The study investigated whether a smiling/angry/neutral face influences collaboration in an ultimatum game (i.e. prisoner's dilemma with no iteration). The subjects were shown facial expression of the opponent avatar and the amount of money he offered. Then they were asked whether they wish to collaborate. The opponent could propose to share a fraction from the total of 14 cents. The offers ranged from 7c (overly fair) to 1c (unfair) in 1c steps and subjects decided whether they accept the offer or not. The authors also varied whether the face was male or female. The combination of these factors gives us 2x3x7=42 stimuli. Each of 1326 subjects was shown all 42 stimuli in random order and either collaborated (1) or not (0). Trial ended if subjects failed to respond within a 3 second time limit. In the data set these trials were marked as missing values. Next, authors replaced missing values with subject-wise averages. They then analysed the data with a repeated-measures Anova with two factors: fairness (7 levels) and face expression (3 levels). As the high N suggests both main-effects and their interaction were significant.
Also all post-hoc comparisons were significant (p<.05, bonf. corrected). Smiling conditions had higher collaboration rate than neutral and neutral was in turn higher than angry. When subjects were offered more money they collaborated more. So what can we conclude? Not much. Smiling face increases the offer acceptance. More generous offer does also increase acceptance. We have no clue where the interaction comes from.

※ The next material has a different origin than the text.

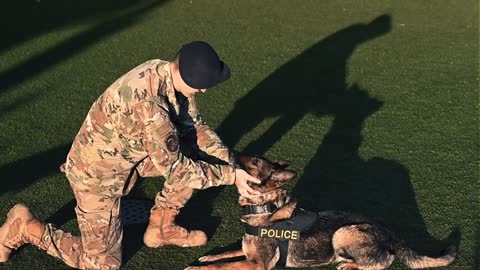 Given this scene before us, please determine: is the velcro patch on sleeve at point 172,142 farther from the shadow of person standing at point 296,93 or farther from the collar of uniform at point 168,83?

With N=1326 the $p$ values are almost entirely driven by the large sample size. But of course the magnitude of the effect matters. If the collaboration rate is 70 % for smiling faces and 40% for neutral than this is notable. But if the rates are 51 and 50% respectively we don't really care. If the collaboration rates were 91% and 90% we might consider the study inconclusive due to ceiling effects. $p$ values are inherently incapable of providing this information. We need effect size estimates.

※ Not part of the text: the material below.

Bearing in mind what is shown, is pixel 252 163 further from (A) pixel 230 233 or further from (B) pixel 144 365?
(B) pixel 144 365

We are fortunate. Mussel et al. are good academic citizens and report the standardized effect size.
$$ \eta_{\mathrm{face}}=.1 $$$$ \eta_{\mathrm{money}}=.39 $$$$ \eta_{\mathrm{money}\times \mathrm{face}}=.01 $$Are we smarter now? How should we interpret these effect sizes? Is $ \eta_{\mathrm{face}}=.1 $ more like the 70%-40% difference or more like the 51%-50% difference? Presumably, the last question is not what we are supposed to ask. Rather, we need to survey the decision making literature to see what are the usual effect sizes and take these as a benchmark for comparison. Taking the values reported for experimental psychology in Fritz et al. (2011) as a reference we would say that the facial expression has small effect while money has medium effect on acceptance. The interaction shows minuscule effect size and should be presumably discarded.

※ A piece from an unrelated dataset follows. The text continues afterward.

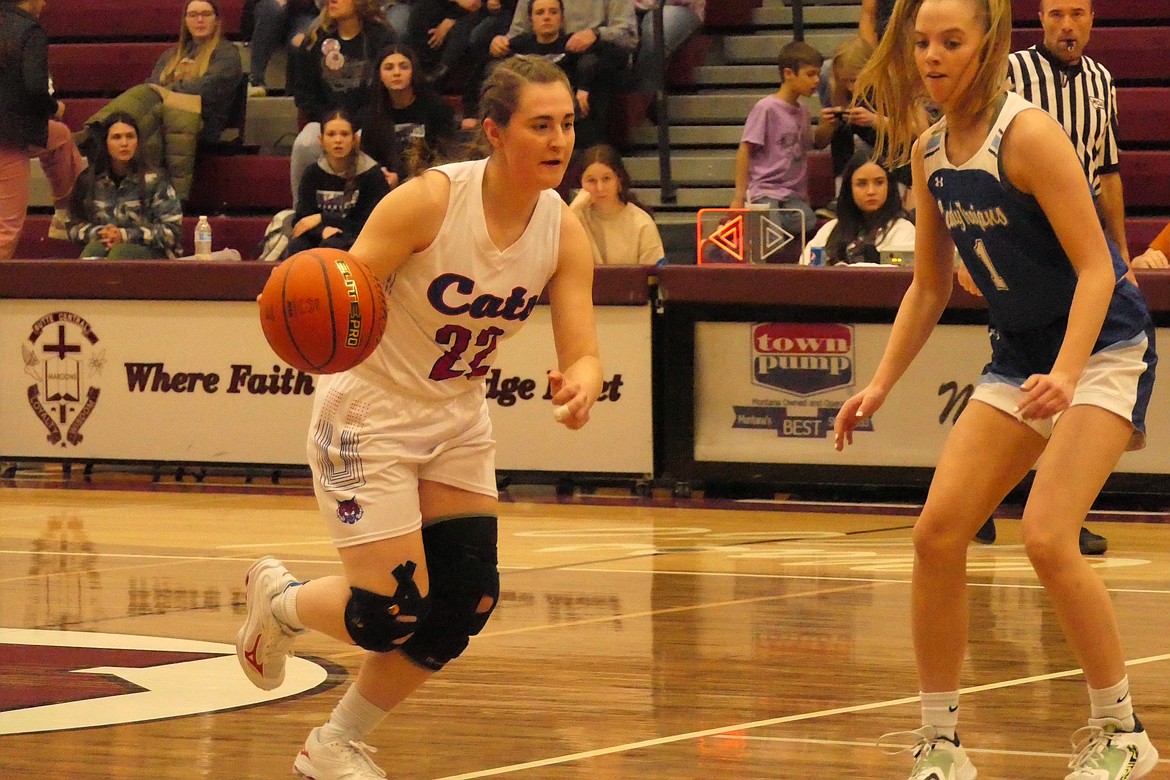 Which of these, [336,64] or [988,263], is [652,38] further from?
[988,263]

One difficulty with this interpretation is that the sums of squares, on which $\eta$ is based, depend on the variance in the predictors. The effect size could be improved by using fewer money offer levels. Similar, the addition of face gender factor presumably increases the error variance and makes the effect size estimates smaller. As such effect size can't be compared across studies, not even across replications if these aren't exact.
The only reason why most of the papers that include Anova analyses are worth reading after all, is that they include a figure with plotted group averages. Mussel et al. show mercy and give us the following graph.
Ok. Now we see it. The interaction is probably due to ceiling/floor effects for large and small money offers respectively. We are really interested in what happens in the middle. Here, the extra smile increases (compared to neutral face) the acceptance by ca. 5%. Angry face shows an effect of similar magnitude but goes in the opposite direction. Why is it not possible to do this kind of analysis formally? It is. But we need to something else than Anova.
We formulate a regression model with acceptance ($\mathrm{coop}$) as outcome and face expression ($\mathrm{face}$) and offered money sum ($\mathrm{fair}$) as predictors.
$$\mathrm{coop}_{i,j} \sim \mathrm{Bern}(\pi_{i,j})$$$$\pi_{i,j} = \mathrm{logit}^{-1}(\alpha_{\mathrm{face}[i,j]}+\beta_{\mathrm{face}[i,j]}\mathrm{fair}[i,j])(1-\gamma_{\mathrm{face}[i,j]}-\delta_{\mathrm{face}[i,j]})+\gamma_{\mathrm{face}[i,j]}$$We enter the offered sum as continuous predictor of acceptance at each trial $j$ for each subject $i$. We fit a separate model for each type of face expression and for each subject. $\mathrm{face}[i,j]$ is the index of the face expression which subject $i$ saw at trial $j$. The parameters $\gamma$ and $\delta$ determine the level (of acceptance) where the logit function becomes flat. Without this addition the logit curve would become flat at $[0,1]$. We can see from the figure from the paper that this is not the case.
Let's look at how the logistic function works by playing around with its parameters.
In [14]:
from scipy.stats import scoreatpercentile as sap
%pylab inline
clr=(0.2, 0.5, 0.6)
plt.figure(figsize=(6,4))
plt.subplot(2,2,1);plt.title('alpha')
x=np.arange(1,9,0.1)
for a in np.arange(2,9).tolist():
y=1/(1+exp(a-1*x))*1+0
plt.plot(x,y,'b')
plt.grid(b=False,axis='x');plt.ylim([0,1]);plt.xlim([1,8])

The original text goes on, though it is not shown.